The IOC’s addition of the men’s 800 and women’s 1500 freestyles as Olympic events won’t change USA Swimming’s selection procedures for the 2017 World Championships, but will have an impact on U.S. National Team selection for 2017-2018.
The main impact for 2017 World Championships selection is the priority placed on Olympic events compared to non-Olympic events. In USA Swimming’s selection procedures for the 2017 World Championships, swimmers are selected in the following priority order based on results of U.S. Nationals:
- Top 4 finishers in 100 and 200 frees and winners of Olympic events
- Second place finishers in Olympic events
- Winners of non-Olympic events
- Fifth place finishers in 100/200 free
- Sixth place finishers in 100/200 free
Whenever the max roster size (26 men and 26 women) is hit, the team is locked, with any swimmers in a lower priority qualifying spot not making the team. Typically, this isn’t an issue, with plenty of swimmers qualifying in multiple events. The main quirk is that non-Olympic events only qualify the winner for Worlds, while Olympic events can qualify second-place finishers as well.
The non-Olympic events contested at Worlds have historically been the men’s 800 free, women’s 1500 free and the 50s of fly, back and breast. A USA Swimming spokesperson told SwimSwam today that USA Swimming would not immediately change the men’s 800 and women’s 1500 to classify as Olympic events for this summer, with U.S. Nationals less than a month away as of the IOC decision to add the events to the 2020 Olympic slate.

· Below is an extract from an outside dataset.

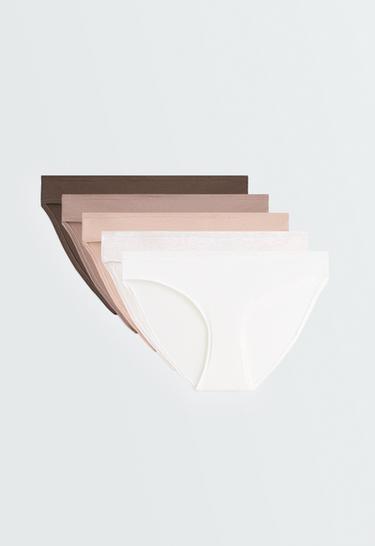 5 cotton blend classic briefs — TAUPE                    1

That means the winners of the men’s 800 and women’s 1500 will make the World Championships team in priority #3 along with the winners of the stroke 50s. But the second-place finishers in the new distance events won’t make the Worlds team this year.
On the other hand, USA Swimming said it would be using both the men’s 800 and women’s 1500 for National Team status and funding next year. The U.S. National Team is comprised of the swimmers who hit the top 6 times in each Olympic event between a number of national and international level meets (this season, U.S. Nationals, Worlds, World University Games and the U.S. Open). Those swimmers qualify for USA Swimming financial support, meet reimbursement, elite athlete health insurance and other USA Swimming support programs over the next season. We broke down the benefits of National Team member status in a separate report a few years ago.
In the past, the stroke 50s, the men’s 800 and the women’s 1500 did not qualify swimmers for national team status, as they weren’t Olympic events. But USA Swimming said today that the newly-added Olympic events – the men’s 800 and women’s 1500 – would qualify athletes for national team funding for the 2017-2018 season.
That means, in the short term, that we should see more high-level swimmers entering those events, even with only one World Championships roster spot on the line. Distance specialists hoping for national team funding can now achieve that through swims in the women’s 1500 or men’s 800.
With that lengthy explanation of the difference between World Championships selection and National Team qualification, here’s the bird’s eye summary of how the new Olympic events will impact American swimmers this summer specifically:
- Winners of men’s 800, women’s 1500 will make World Champs team (no change from existing policy)
- Second place finishers in those events will not (no change from existing policy)
- Top 6 swimmers from Nationals, Worlds, WUGs and U.S. Open in men’s 800 and women’s 1500 will now qualify for the 2017-2017 U.S. National Team (new policy)
USA Swimming National Team Director Frank Busch applauded the IOC’s expansion of swimming in a statement, calling it an “incredible step forward” for the sport. His full statement is below:
“The IOC’s decision to expand the number of events in swimming at the Olympics is outstanding for the sport and our athletes. Any time you can give the athletes more chances to win Olympic medals, that’s an incredible step forward. These additional events in the Olympic Games reflect how popular the sport of swimming has become around the world and that swimming has the attention and respect of the IOC. We thank FINA for its good work to accomplish this opportunity for athletes.”